Words by Julia B. Nelson; tune "Comin' Thro' the Rye," 1884

What is the message of this song? Who is this song appealing to? Why?

What argument is the song making? What justice were women seeking in the 1880s/1890s? How long had the women's rights movement been working for suffrage? The Seneca Falls Convention, where pioneering feminists first asked for women's right to vote, was in 1848.

How long was it before women won the right to vote? In the West, where local populations were often smaller and women needed to fill public roles, women won the right to vote and own property before they did in the older states. Nationwide women’s suffrage was achieved in 1920, although many women (and men) of color continued to be denied the right to vote until Civil Rights legislation removed barriers in the 1960s.

Why do you think it took so long for women to win the right to vote?

In what ways were temperance and suffrage sentiments related?

Which song is more effective? Why? Why did the authors choose to recycle "America" (originally borrowed from "God Save the King") instead of another tune or an original tune?

"Going to the Polls" performed by Elizabeth King and Sol Julty on Songs of the Suffragettes, Folkways 05281, Smithsonian Folkways Recordings, © 1958. Available on iTunes, Spotify, and YouTube.

In this recording a solo female voice sings with simple guitar accompaniment, as it may have been heard in a suffragist's home.

View the music and lyrics for "Going to the Polls."

Julia B. Nelson
Julia B. Nelson, ca. 1866.

Like Elizabeth Harbert, author of "The New America," Julia B. Nelson (1842–1914) was an activist in the women's suffrage movement. She was a charter member and later president of the Minnesota Woman Suffrage Association, which began in 1881. Widowed young, Nelson turned her energy toward teaching, particularly in the poorer areas of the South, and became active in the Women's Christian Temperance Union, eventually becoming a paid organizer. Her strong anti-liquor sentiments are reflected in the words to this song.

Compare this song to:

"The New America" (this unit)

"Women's Doxology" (Unit 6)

suffrage: The right or privilege of voting.

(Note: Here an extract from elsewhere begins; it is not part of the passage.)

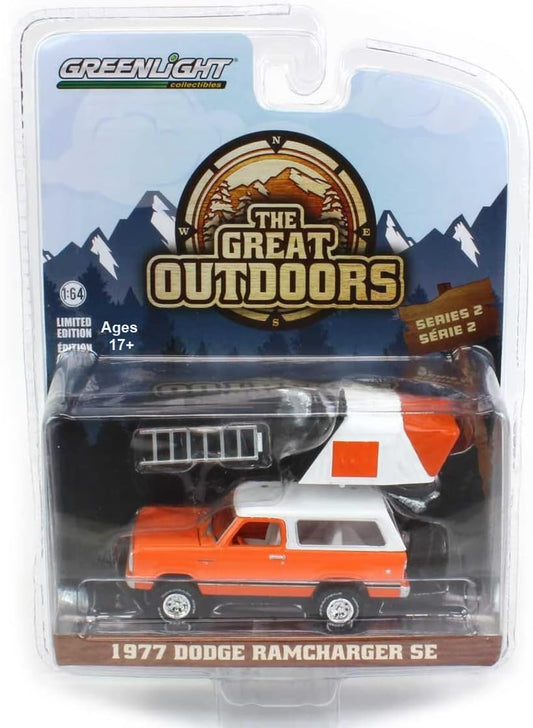 Greenlight - 1977 Dodge Ramcharger SE with Modern Rooftop Tent Great Outdoors Series - Scala 1/64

temperance: A movement to abstain from drinking liquor.

Gog and Magog: In the Bible, hostile powers ruled by Satan that will appear before the end of the world.

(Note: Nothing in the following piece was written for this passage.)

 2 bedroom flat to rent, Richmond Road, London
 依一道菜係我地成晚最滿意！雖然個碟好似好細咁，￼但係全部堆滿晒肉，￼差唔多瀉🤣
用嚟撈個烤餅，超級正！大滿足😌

Research the "Declaration of Sentiments" (patterned on the Declaration of Independence) that was passed at the Seneca Falls Convention in 1848. Make a "report card" listing each of the nine "sentiments" and make two columns labeled "1890" and "Present." Grade the United States on each of the sentiments during that era and during the present. How far have we come? How far do we still have to go?